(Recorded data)
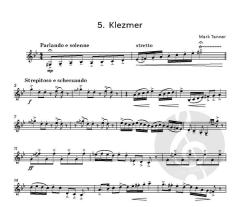 Know the Score von Mark Tanner 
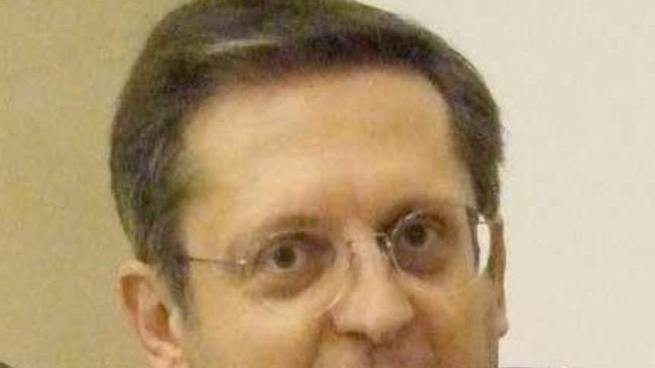 Il sindaco: difendiamo la Casa della Donna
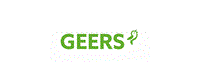 Job Logo - GEERS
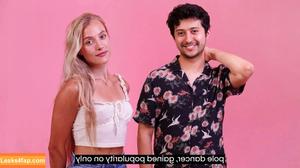 Mercedes Valentine photo #0007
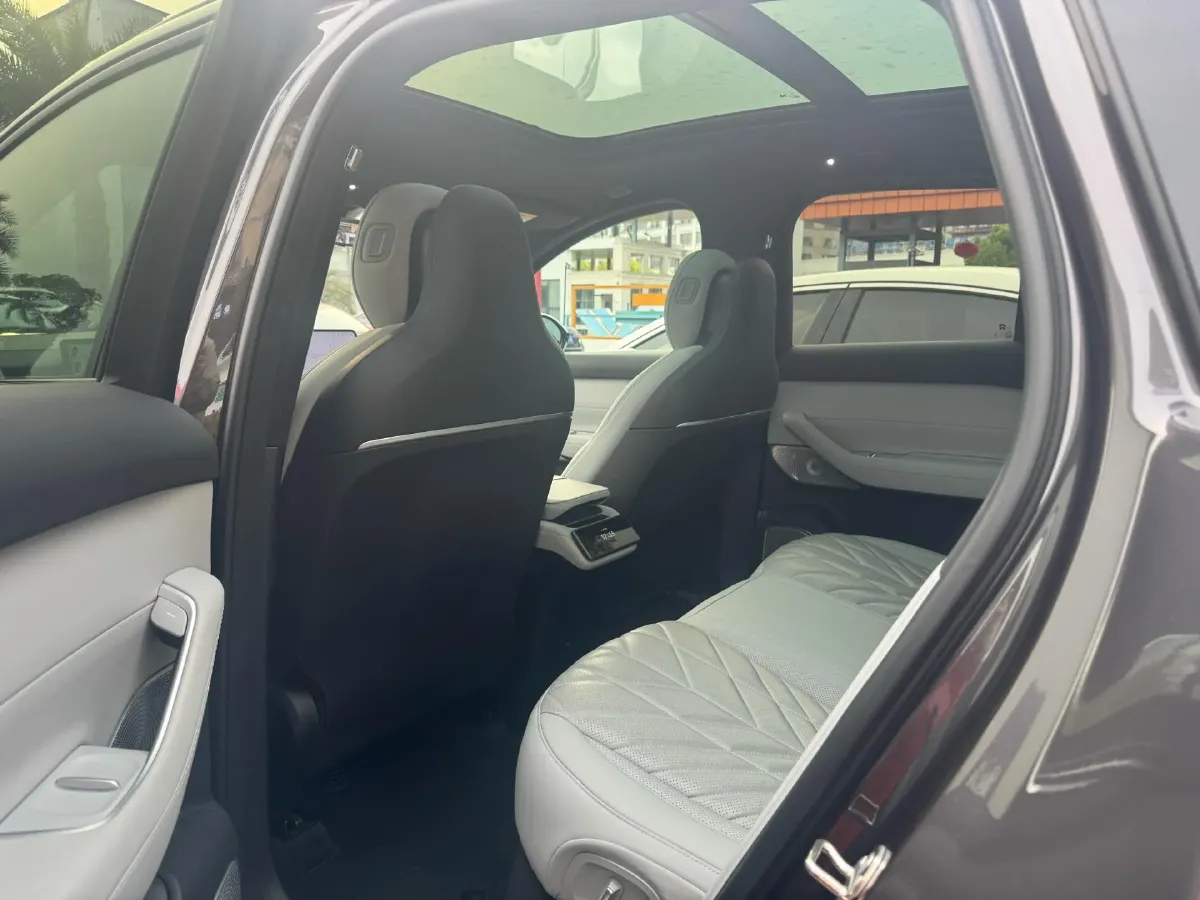 2024 NIO EC6 BEV 75KWH,autocango,china used car exporter,china ev exporter,chinese used car exporter,chinese used ev exporter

--- INSTRUCTIONS FOR THE TASK ---
Could you output every record above exactly as it appears, without the pictures?

--- OUTPUT OF THE TASK ---
 Know the Score von Mark Tanner 
 Il sindaco: difendiamo la Casa della Donna
 Job Logo - GEERS
 Mercedes Valentine photo #0007
 2024 NIO EC6 BEV 75KWH,autocango,china used car exporter,china ev exporter,chinese used car exporter,chinese used ev exporter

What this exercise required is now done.